## Task to complete
Only the lines below, from the one with "Pure Silk Pure" through the one with "Alecia printed cashmere", are to be written out, exactly.

____

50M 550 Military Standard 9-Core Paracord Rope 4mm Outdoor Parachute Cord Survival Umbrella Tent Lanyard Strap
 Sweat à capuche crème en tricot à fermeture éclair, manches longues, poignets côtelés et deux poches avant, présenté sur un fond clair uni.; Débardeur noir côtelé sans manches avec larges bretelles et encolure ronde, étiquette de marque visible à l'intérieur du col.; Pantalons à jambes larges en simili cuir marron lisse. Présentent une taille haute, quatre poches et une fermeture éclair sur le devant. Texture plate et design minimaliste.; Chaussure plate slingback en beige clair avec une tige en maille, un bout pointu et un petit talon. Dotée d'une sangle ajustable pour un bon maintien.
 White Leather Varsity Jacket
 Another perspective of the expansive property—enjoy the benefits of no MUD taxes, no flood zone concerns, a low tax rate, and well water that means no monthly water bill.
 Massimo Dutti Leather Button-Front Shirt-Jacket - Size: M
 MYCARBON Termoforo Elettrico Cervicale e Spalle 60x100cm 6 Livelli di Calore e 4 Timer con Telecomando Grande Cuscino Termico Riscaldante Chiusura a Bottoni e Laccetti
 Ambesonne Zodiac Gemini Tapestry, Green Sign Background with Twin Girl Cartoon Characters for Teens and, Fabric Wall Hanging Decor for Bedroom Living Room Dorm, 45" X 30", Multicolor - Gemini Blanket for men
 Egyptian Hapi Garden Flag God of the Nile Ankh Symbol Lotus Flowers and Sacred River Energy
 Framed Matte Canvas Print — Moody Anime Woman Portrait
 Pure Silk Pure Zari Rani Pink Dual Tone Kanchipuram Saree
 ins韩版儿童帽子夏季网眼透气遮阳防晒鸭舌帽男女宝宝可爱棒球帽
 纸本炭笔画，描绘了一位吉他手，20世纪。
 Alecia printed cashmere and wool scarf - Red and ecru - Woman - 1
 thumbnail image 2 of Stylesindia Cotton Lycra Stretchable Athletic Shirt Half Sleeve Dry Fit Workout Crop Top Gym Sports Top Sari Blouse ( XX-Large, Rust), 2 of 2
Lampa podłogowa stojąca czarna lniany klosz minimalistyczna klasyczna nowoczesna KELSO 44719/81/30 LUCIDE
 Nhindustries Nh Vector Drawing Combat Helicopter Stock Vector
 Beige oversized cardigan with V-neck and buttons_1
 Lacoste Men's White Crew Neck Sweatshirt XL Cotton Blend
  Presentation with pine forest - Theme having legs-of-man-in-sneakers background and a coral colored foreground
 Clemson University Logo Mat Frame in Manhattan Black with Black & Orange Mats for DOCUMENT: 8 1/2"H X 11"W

____

## Completed task
 Pure Silk Pure Zari Rani Pink Dual Tone Kanchipuram Saree
 ins韩版儿童帽子夏季网眼透气遮阳防晒鸭舌帽男女宝宝可爱棒球帽
 纸本炭笔画，描绘了一位吉他手，20世纪。
 Alecia printed cashmere and wool scarf - Red and ecru - Woman - 1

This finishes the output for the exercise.